Mais il faut redescendre sur terre : les papiers ne se font pas tout seuls. Donc c’est parti pour la visite guidée de la délégation du Québec et de l’ambassade du Canada. Contrairement à ce que l’on pourrait penser, obtenir son visa d’étudiant est ce qu’il y a de plus facile. L’étape suivante consiste à trouver un billet d’avion qui ne va pas nous ruiner. Malheureusement certaines compagnies ne sont pas très souples au niveau des suppléments de bagages. Ce que j’avais donc économisé sur le billet d’avion, je l’ai reperdu en payant le supplément de 10 kilos de mes bagages.
Malgré tout ces petits inconvénients me voilà sur le sol québécois sous un splendide orage. Nous sommes le 16 août 1996 : date fatidique d’un changement radical de vie.
Par rapport à d’autres, je suis chanceuse. Ma sœur ayant vécue à Montréal pendant 3 ans, mon appartement est déjà réservé chez son ancien propriétaire. Un petit appartement calme dans le quartier de Côte des neiges, pas très loin de l’Université de Montréal.
Ma mère, partie avec moi, me fait visiter Montréal. Mais le moment de la séparation approche. Un jour ma sœur m’a dit » le plus dur c’est quand les gens s’en vont « . Je ne pensais pas que ça l’était autant. Me voilà donc seule. Je ne connais personne pour l’instant et mes cours ne reprennent que dans une semaine. Alors je me promène, je visite et j’essaye de m’adapter à mon nouveau milieu. J’ai la vague impression de rêver toute éveillée.
L’accent québécois ne m’a pas posé trop de problème. Il m’est arrivé de faire des erreurs car certains mots n’ont pas tout à fait le même sens mais, rien de dramatique. Ce qui m’a le plus marqué c’est la gentillesse des gens. Se promener dans une grande ville avec une carte en main et voir des cyclistes s’arrêter pour vous renseigner, c’est assez rare. On ne verrait pas ça à Paris. Il faut dire aussi que Montréal paraît bien petite face à notre grosse capitale.
Une chose m’a choqué pourtant. La réputation des français, ici, n’est pas toujours des meilleurs. Je reconnais que c’est parfois bien mérité vu certains spécimen que l’on croise à la saison touristique. L’être humain ne pouvant s’empêcher de généraliser, c’est à nous de faire nos preuves. C’est à nous de nous adapter et pas l’inverse ! Mais certains ont, semble-t-il, du mal à le comprendre.

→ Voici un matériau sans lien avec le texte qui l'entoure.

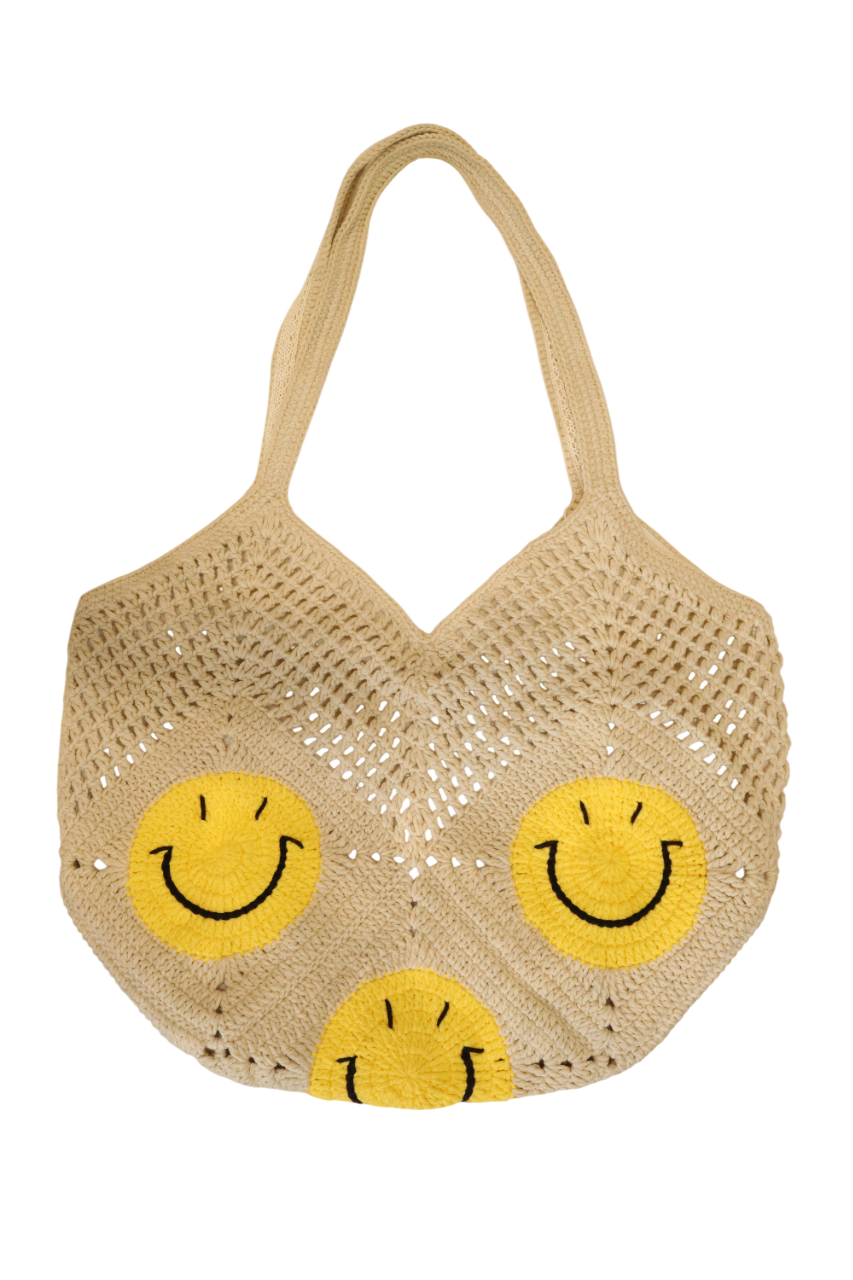 SMILING FACE BUCKET BAG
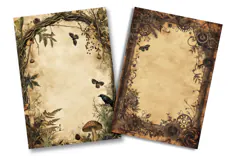 Mushroom Gothic Junk Journal Pages Product Image 2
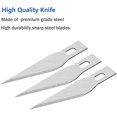 thumbnail image 4 of DIYSELF 1PCS Hobby Knife Exacto Knife and 20 Craft Knife Blades (Silver), 4 of 5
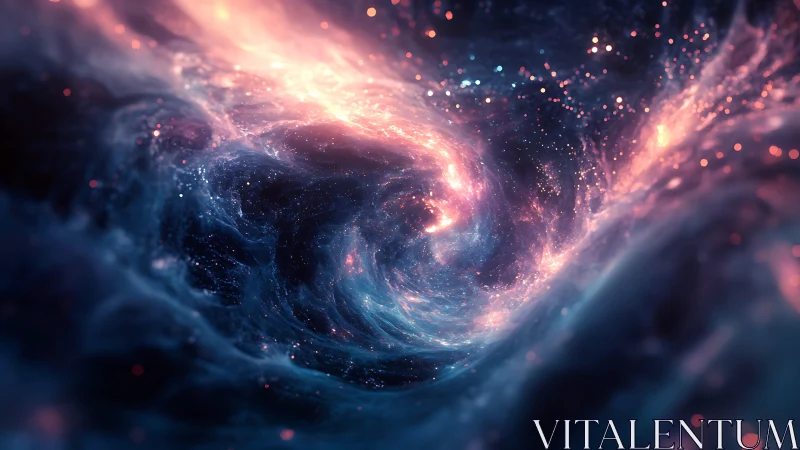 Astrophysical nebula vortex with luminous plasma filaments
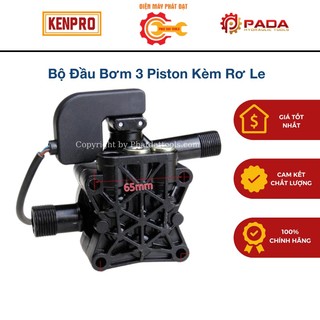 Bộ đầu bơm 3 piston kèm rơ le lắp cho các dòng máy rửa xe mini,máy rửa xe gia đình-Bảo hành 6 tháng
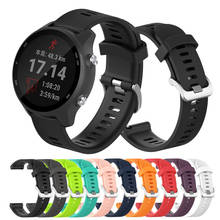 Silicone Smart Watch Band Strap For Garmin Forerunner 245 245M 645 Venu Vivoactive 3 Bracelet For Samsung Galaxy 42mm Wristband 2024 - buy cheap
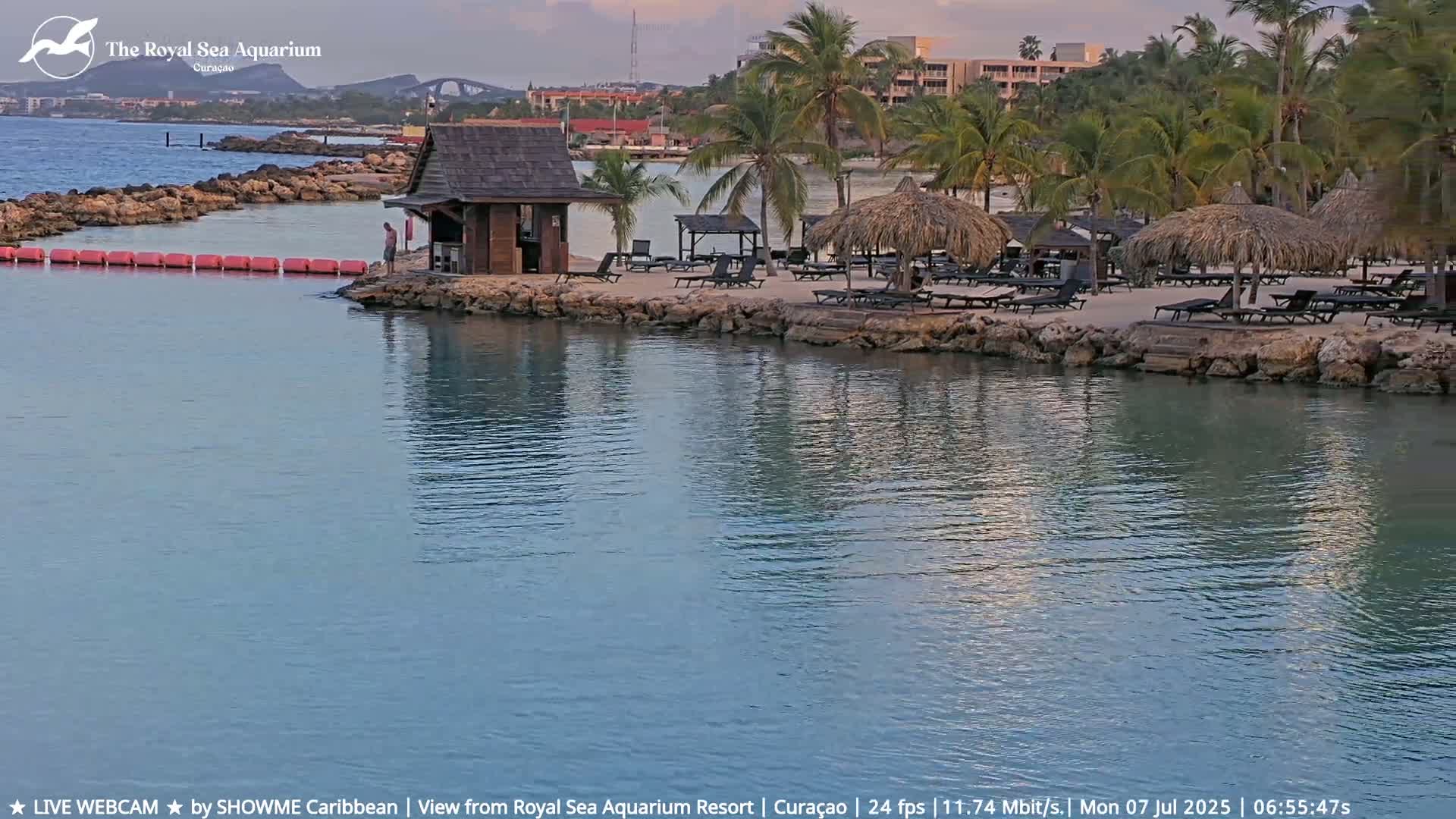 Willemstad, The Royal Sea Aquarium Resort Beach Live Cam - Willemstad, Curacao, Netherland 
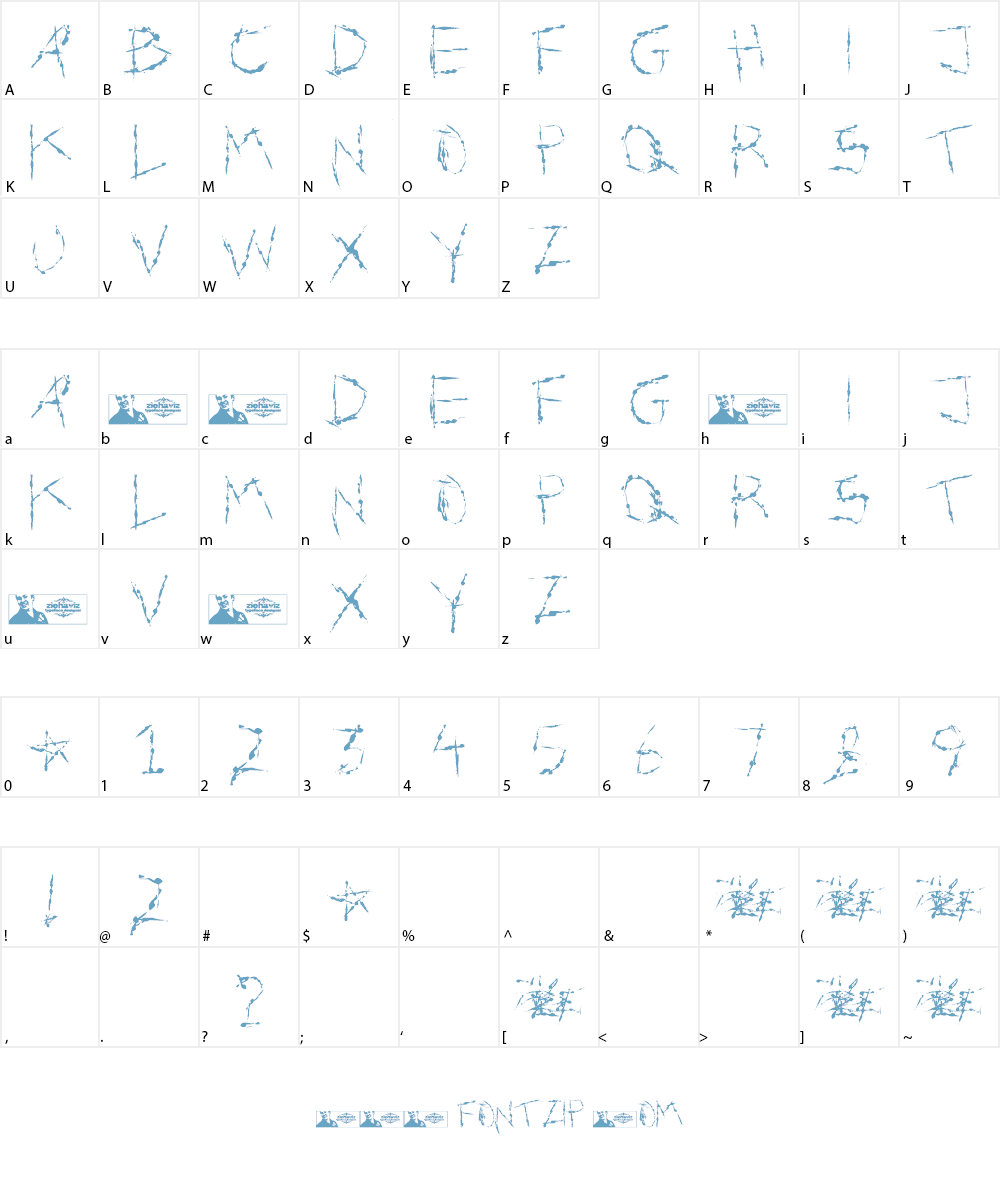 FTF Toelisan Pedjoeang Font Character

Il faut arriver au Québec en oubliant tout ce qu’on connaît. Comparer avec la France est la pire des choses à faire. Il ne faut pas oublier que nous sommes en Amérique du Nord même si les gens parlent français. Ici, on rencontre le matérialisme américain et une partie de la manière de vivre américaine mais avec des racines latines. Notre gros défaut est de se dire qu’ils parlent français donc qu’ils sont comme nous. C’est faux. Leur histoire est différente, d’une certaine façon leur langue aussi. Le français a évolué différemment, on retrouve ici de nombreux termes issus du XVII siècle que nous avons perdus en France. Alors, bien entendu, quand j’entends des français dire que les québécois ne parlent pas français mon côté historienne me fait entrer dans une colère noire. Nous ne sommes pas là pour juger. C’est ce que nous reprochent les québécois.

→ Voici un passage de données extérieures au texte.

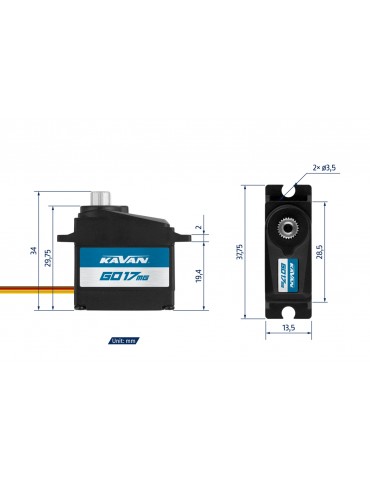 GO-17MG servo 17g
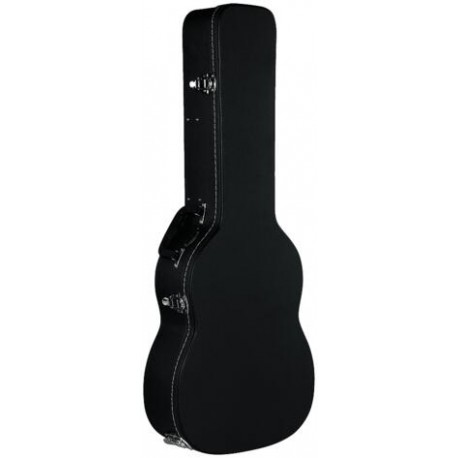 RockCase Standard Line Mini Acoustic Guitar Hardshell Case Curved Black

Une chose importante à modifier dans son comportement : l’agressivité. On a tellement l’habitude de se battre pour le moindre bout de papier en France que l’on est agressif de nature. Rare sont les québécois qui vont s’énerver pour une broutille mais les français, eux, sont nombreux. Ce n’est pas rare que l’on me dise que je » n’arrête pas de chialer « . Et oui, je râle mais il est parfois dure d’oublier 28 ans de culture !
Le plus beau compliment que l’on m’ait fait ici ? C’est le jour où un de mes amis m’a dit que j’étais » intégré « . Ça fait chaud au cœur car quoi que l’on en pense nous sommes des étrangers même si l’on se sent chez soi dans ce pays si vaste et si splendide.

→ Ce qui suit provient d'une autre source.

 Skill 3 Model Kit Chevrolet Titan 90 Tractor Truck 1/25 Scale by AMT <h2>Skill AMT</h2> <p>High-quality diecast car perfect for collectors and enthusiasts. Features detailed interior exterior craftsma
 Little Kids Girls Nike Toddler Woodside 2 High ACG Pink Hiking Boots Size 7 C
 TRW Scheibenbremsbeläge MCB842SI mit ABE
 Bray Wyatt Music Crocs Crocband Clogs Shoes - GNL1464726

Ici, j’ai compris ce que voulait dire le mot déraciné. Ici, je suis française de part mon accent et mon comportement. En France ? On me trouve l’accent québécois et rares sont les gens qui ne me le disent pas. Mes amis me font répéter certaines phrases pour me prendre » la main dans le sac « . Il faut dire qu’en 4 ans, mes expressions ont changé et mon accent parisien s’est estompé et cela sans que j’y sois pour quelque chose.